» WHAT IS REQUIRED:
The answer should contain only the lines from the beginning of the entries through the line that holds "-The Crab Pot Seattle", given again exactly, with no pictures.

» EXTRACTED INFORMATION:
____________
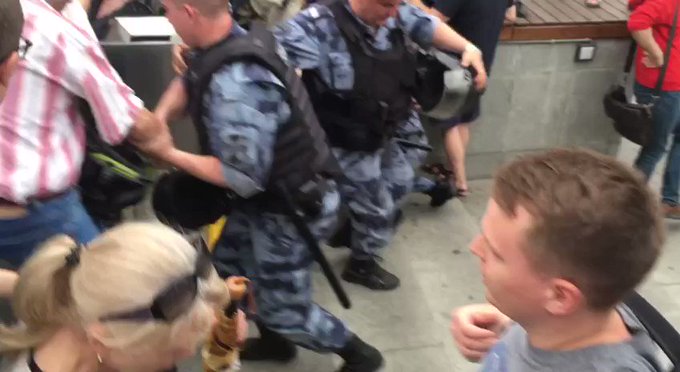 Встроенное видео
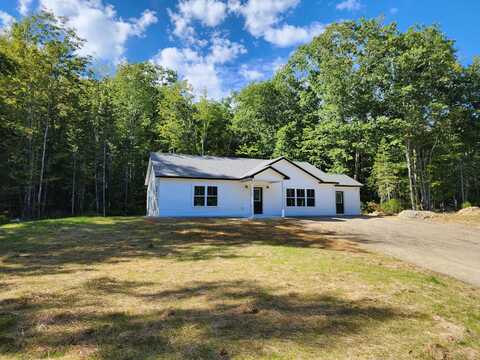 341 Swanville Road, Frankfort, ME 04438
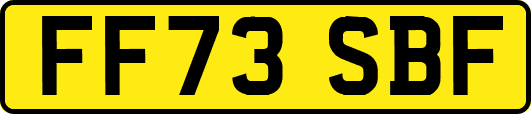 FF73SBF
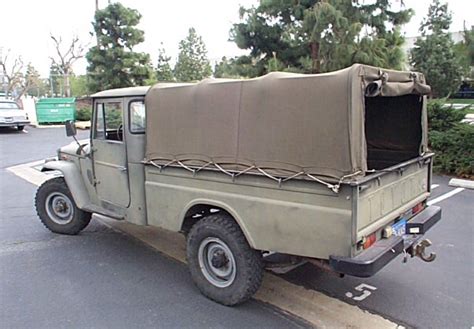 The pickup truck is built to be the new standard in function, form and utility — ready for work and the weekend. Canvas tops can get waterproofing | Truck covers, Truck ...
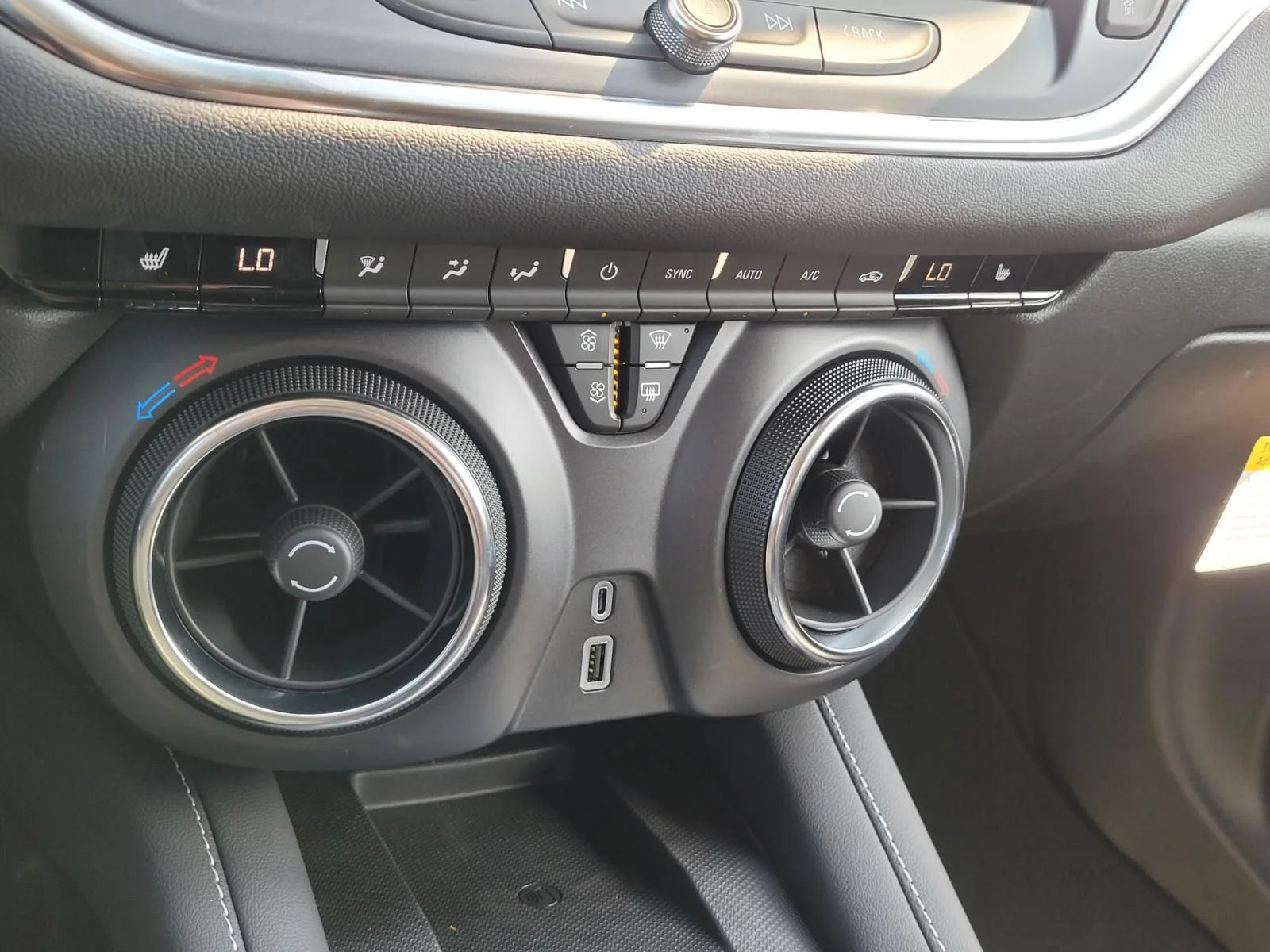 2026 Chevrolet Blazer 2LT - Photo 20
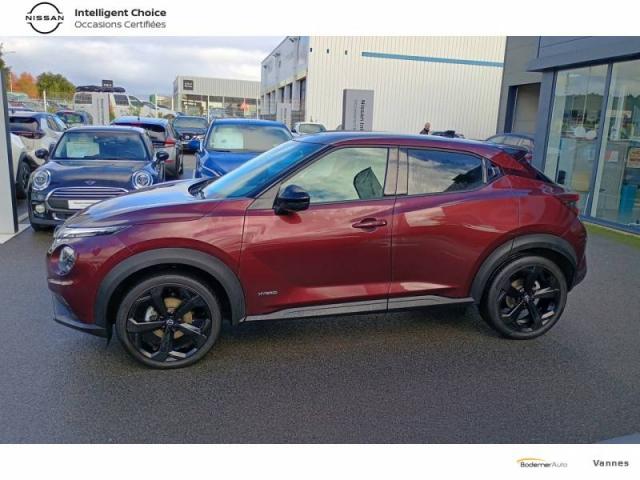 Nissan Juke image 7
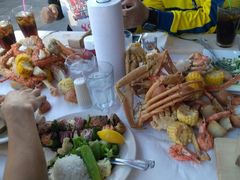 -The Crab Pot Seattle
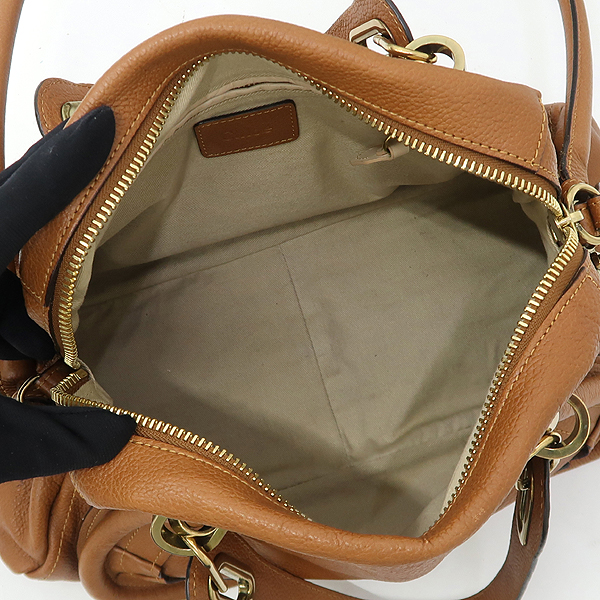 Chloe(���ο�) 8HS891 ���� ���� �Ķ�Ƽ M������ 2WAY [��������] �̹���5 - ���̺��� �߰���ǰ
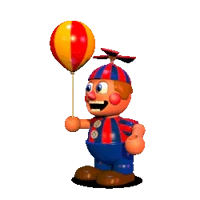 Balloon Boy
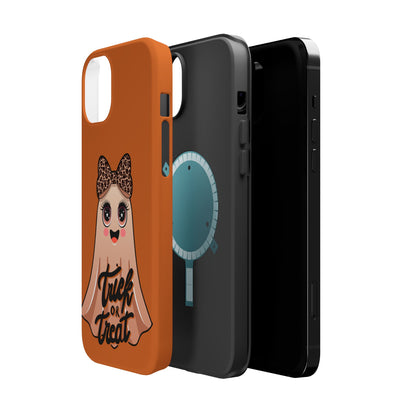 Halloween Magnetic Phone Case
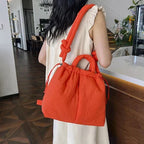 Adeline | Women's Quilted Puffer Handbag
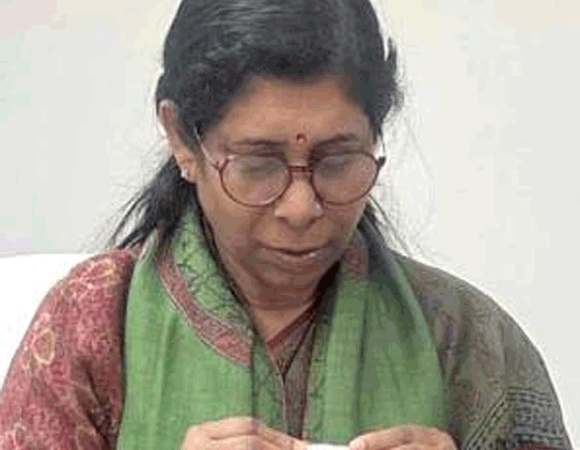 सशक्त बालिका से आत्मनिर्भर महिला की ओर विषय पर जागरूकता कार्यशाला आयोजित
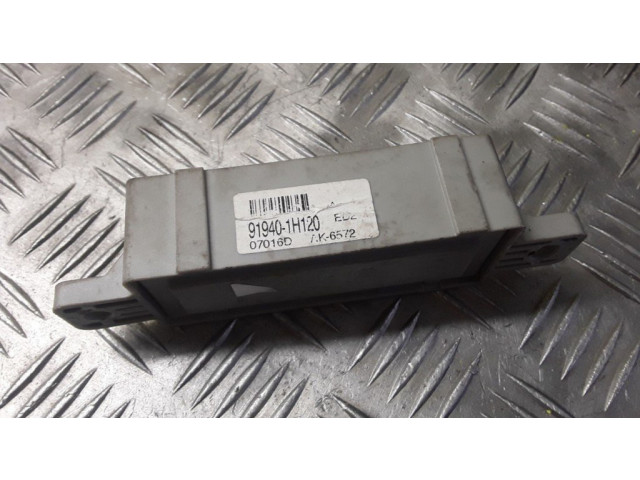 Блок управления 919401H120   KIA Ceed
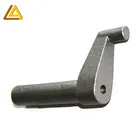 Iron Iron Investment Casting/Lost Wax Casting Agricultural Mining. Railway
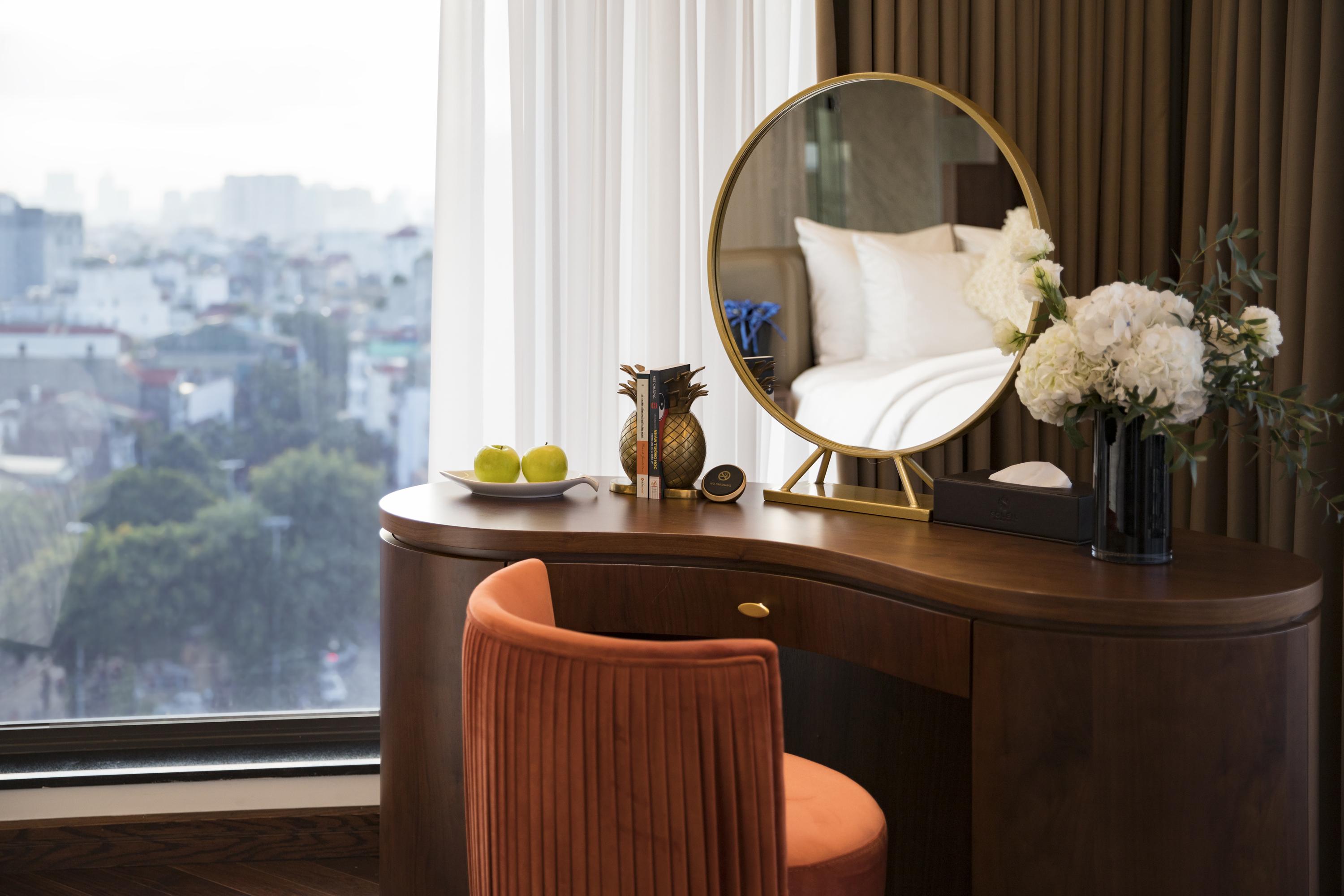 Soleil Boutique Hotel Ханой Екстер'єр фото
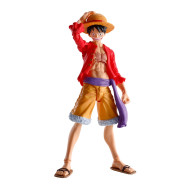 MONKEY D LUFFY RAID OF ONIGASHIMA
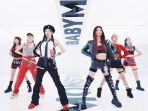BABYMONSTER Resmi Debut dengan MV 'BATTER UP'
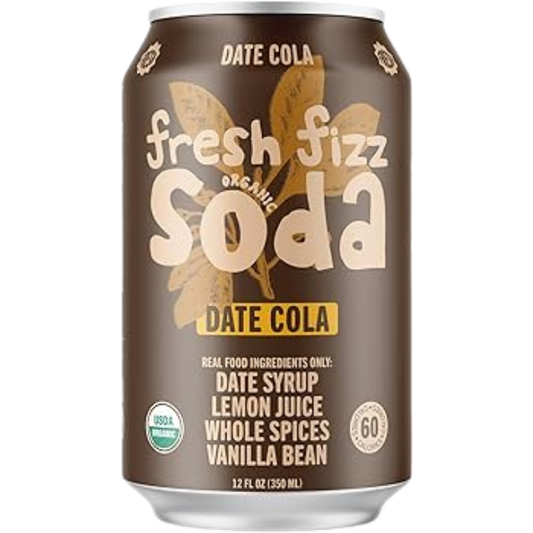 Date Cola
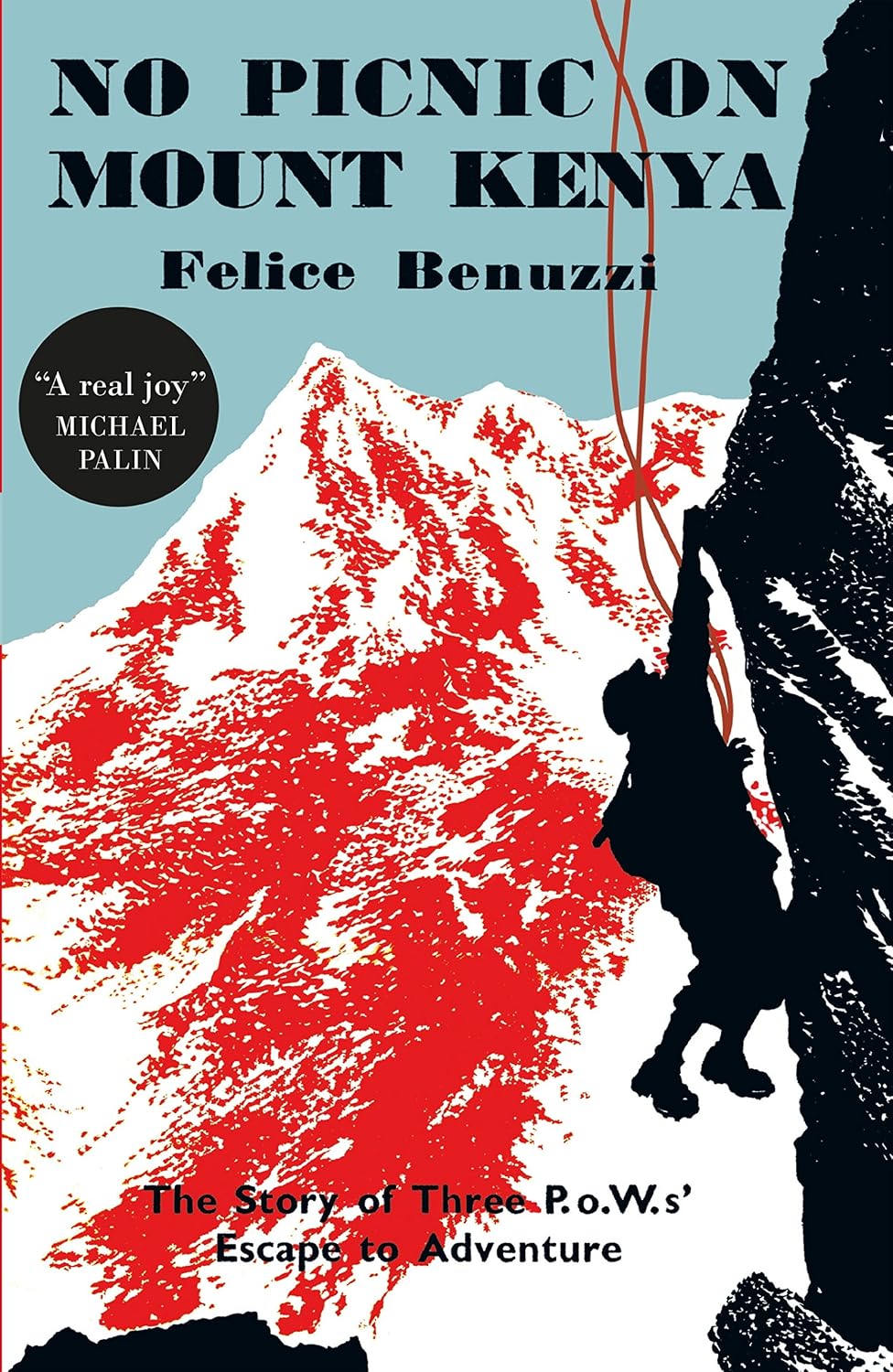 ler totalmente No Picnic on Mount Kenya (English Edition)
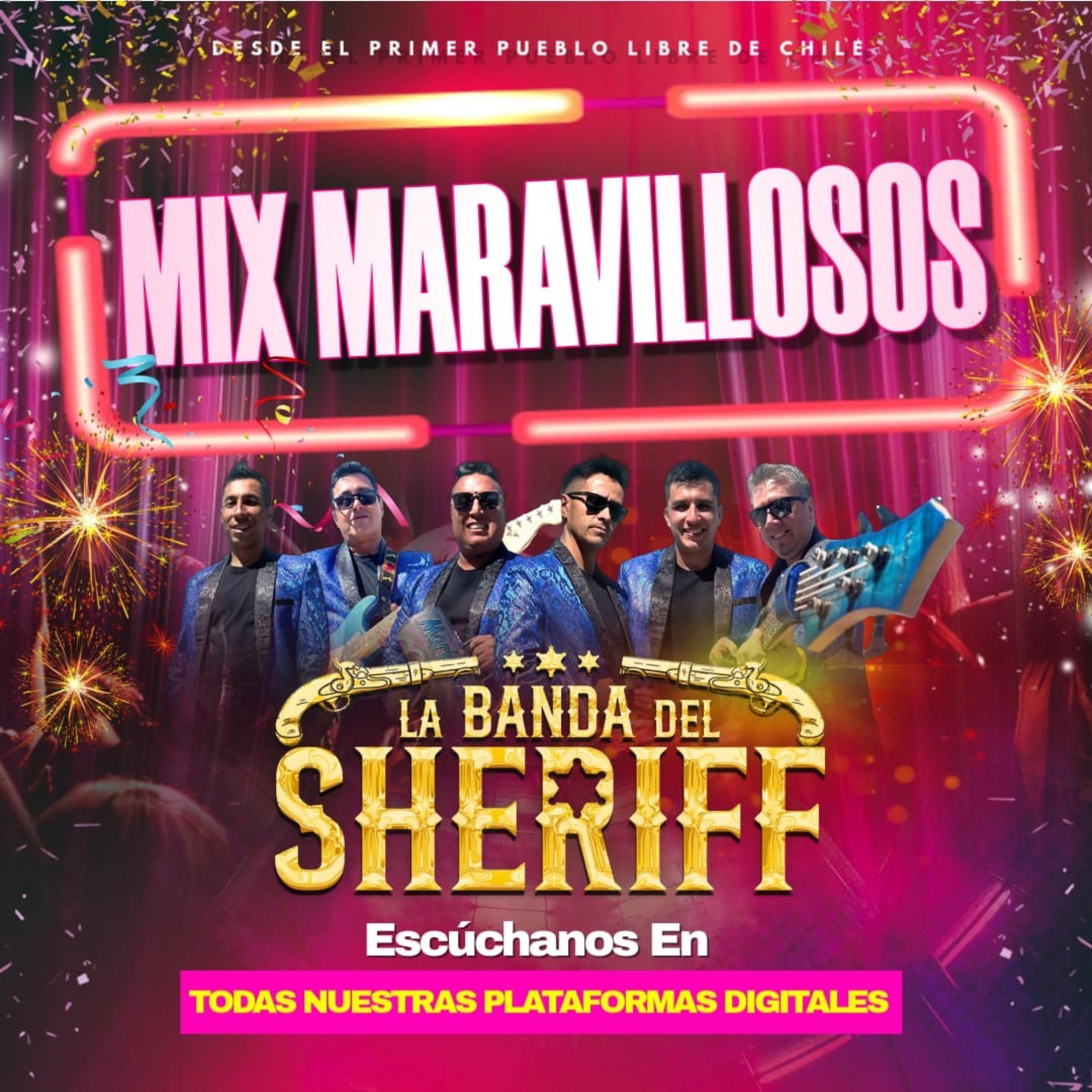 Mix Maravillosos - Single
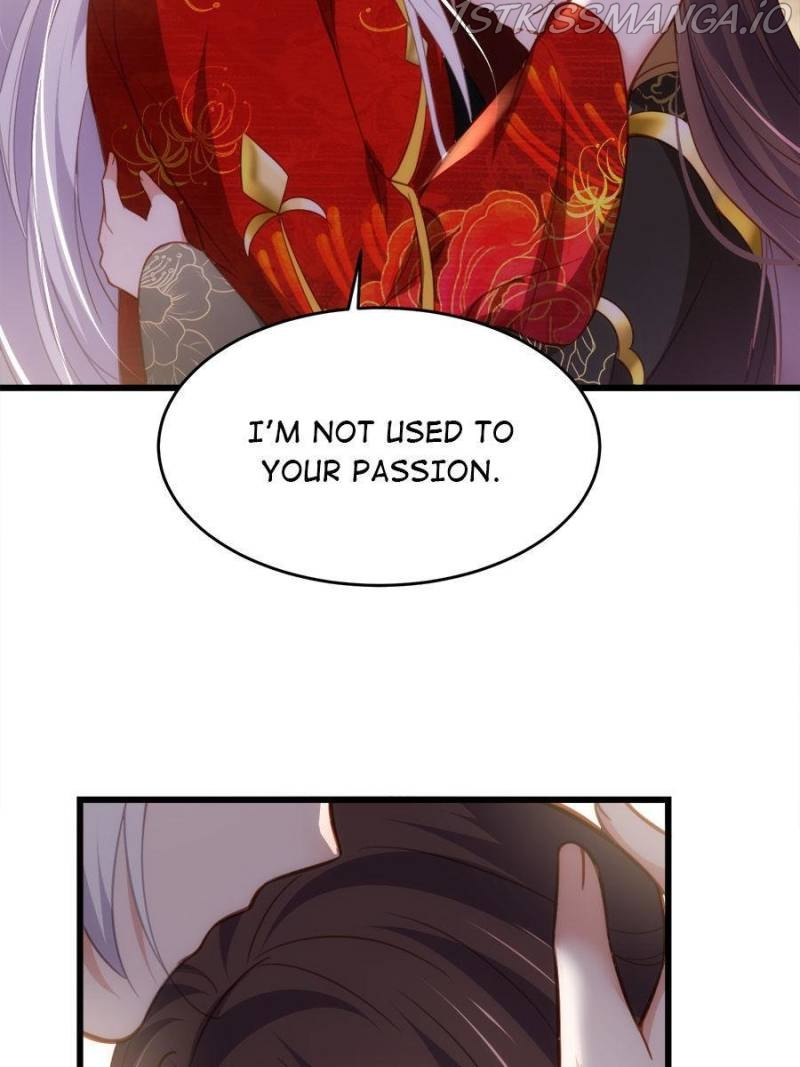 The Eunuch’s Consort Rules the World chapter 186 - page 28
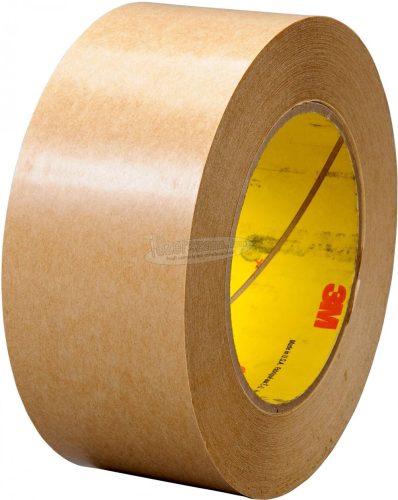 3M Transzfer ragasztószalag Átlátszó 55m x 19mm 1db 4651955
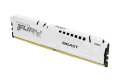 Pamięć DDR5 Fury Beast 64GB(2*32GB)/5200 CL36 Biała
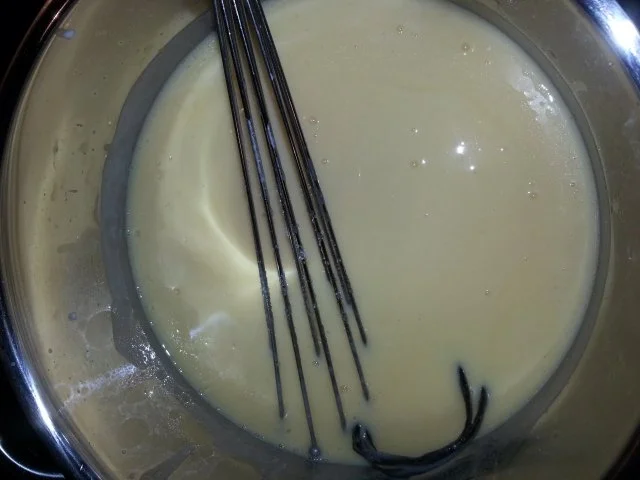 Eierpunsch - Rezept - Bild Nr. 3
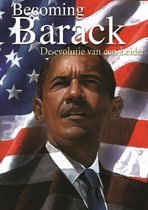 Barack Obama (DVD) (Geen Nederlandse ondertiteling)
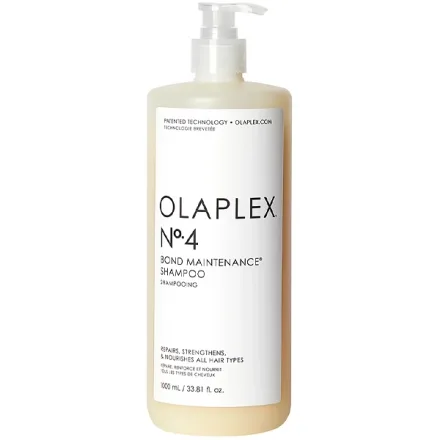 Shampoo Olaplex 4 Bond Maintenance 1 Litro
____________
» OUTPUT BELOW:
 Встроенное видео
 341 Swanville Road, Frankfort, ME 04438
 FF73SBF
 The pickup truck is built to be the new standard in function, form and utility — ready for work and the weekend. Canvas tops can get waterproofing | Truck covers, Truck ...
 2026 Chevrolet Blazer 2LT - Photo 20
 Nissan Juke image 7
 -The Crab Pot Seattle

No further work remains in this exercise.